Road warriors: Springfield exhibit celebrates first cross-country motorcycle trip by women
A hundred years ago, there was one relatively efficient way of crossing the country: by rail.
To do it by road required using a patchwork of mostly unimproved surfaces — dirt, gravel, and sometimes just sand —
on motorized vehicles that were still in their infancy and often unreliable.
But in a journey that was partly a push to advocate for greater independence for women, two sisters, riding motorcycles
made in Springfield, took a 5,500-mile, coast-to-coast trip in 1916 — First Cross-Country Motorcycle Trip By Women.
Augusta and Adeline Van Buren, who traced their lineage back to the days when New York was known as New Amsterdam,
braved sandstorms and downpours, desert tracks and overheated engines, and small-town residents scandalized by their clothing:
trousers and leather jackets, rather than dresses and corsets.
A small but lively exhibit at the Springfield Museums, “Crossing the Country to Cross Barriers,” chronicles that epic journey
with period photographs, news articles and old equipment, like the leather headgear the sisters wore in the days before helmets.
It’s a trip that also inspired a re-creation of the ride last summer, when motorcyclists — including some of the sisters’ descendants —
followed much of the original route, from New York to California.
“They were smart, they were good looking, they were independent, and they had played every sport imaginable,” said Robert E.
Van Buren, a great-nephew of the two sisters; he learned of their adventures when he was growing up in New York City, though he
never met the women.
“Nothing bothered them,” he added. “They were always up for a challenge, and no one was going to tell them they couldn’t do something.”
Van Buren, who just turned 71 and lives in Northborough, east of Worcester, co-curated the Springfield show with a cousin,
Dan Ruderman, of Great Barrington. Van Buren’s father, Albert, was the son of another Albert, the brother of Augusta and Adeline.
Robert Van Buren, along with his wife, Rhonda, and their daughter, Sarah, retraced his great-aunts’ route last year by motorcycle,
along with close to 100 other riders; he was able to pose for photographs at some of the same locations at which Augusta and
Adeline had their pictures taken, such as by a waterfall in Colorado Springs, CO.

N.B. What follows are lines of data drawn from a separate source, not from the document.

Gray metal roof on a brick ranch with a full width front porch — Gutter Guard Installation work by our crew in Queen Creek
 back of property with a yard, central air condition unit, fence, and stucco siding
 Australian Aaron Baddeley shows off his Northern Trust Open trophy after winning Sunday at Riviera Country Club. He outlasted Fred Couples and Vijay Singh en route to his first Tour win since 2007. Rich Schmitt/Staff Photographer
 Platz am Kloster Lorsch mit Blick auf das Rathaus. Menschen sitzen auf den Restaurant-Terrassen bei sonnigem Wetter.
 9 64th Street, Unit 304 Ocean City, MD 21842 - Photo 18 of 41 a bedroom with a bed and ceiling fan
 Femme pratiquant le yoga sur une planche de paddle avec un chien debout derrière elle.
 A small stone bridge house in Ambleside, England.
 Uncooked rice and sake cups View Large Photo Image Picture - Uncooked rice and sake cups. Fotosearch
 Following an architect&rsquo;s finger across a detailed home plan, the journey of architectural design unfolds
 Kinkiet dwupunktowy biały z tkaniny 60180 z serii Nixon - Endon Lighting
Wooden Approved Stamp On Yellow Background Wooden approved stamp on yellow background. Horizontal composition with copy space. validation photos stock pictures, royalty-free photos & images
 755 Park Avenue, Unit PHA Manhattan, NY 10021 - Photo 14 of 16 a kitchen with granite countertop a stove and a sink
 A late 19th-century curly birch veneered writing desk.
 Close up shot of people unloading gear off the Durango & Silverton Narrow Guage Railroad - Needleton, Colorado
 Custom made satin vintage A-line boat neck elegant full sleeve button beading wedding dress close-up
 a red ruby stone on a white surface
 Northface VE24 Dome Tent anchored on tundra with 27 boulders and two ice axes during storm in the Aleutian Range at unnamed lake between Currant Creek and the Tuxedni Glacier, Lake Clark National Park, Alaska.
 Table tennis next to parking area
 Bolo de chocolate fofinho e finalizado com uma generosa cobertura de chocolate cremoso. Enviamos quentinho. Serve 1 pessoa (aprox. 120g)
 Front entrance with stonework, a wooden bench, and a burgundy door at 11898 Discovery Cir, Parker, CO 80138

He and his wife also did a 90th anniversary motorcycle ride, in 2006, to honor the memory of his great-aunts epic First Cross-Country Motorcycle Trip By Women; Adeline died in 1949
and Augusta in 1959.
“To make that trip today is a heck of lot easier,” he said. “When they did it, the roads were terrible, and west of the Mississippi,
there weren’t even any maps … they were really roughing it.”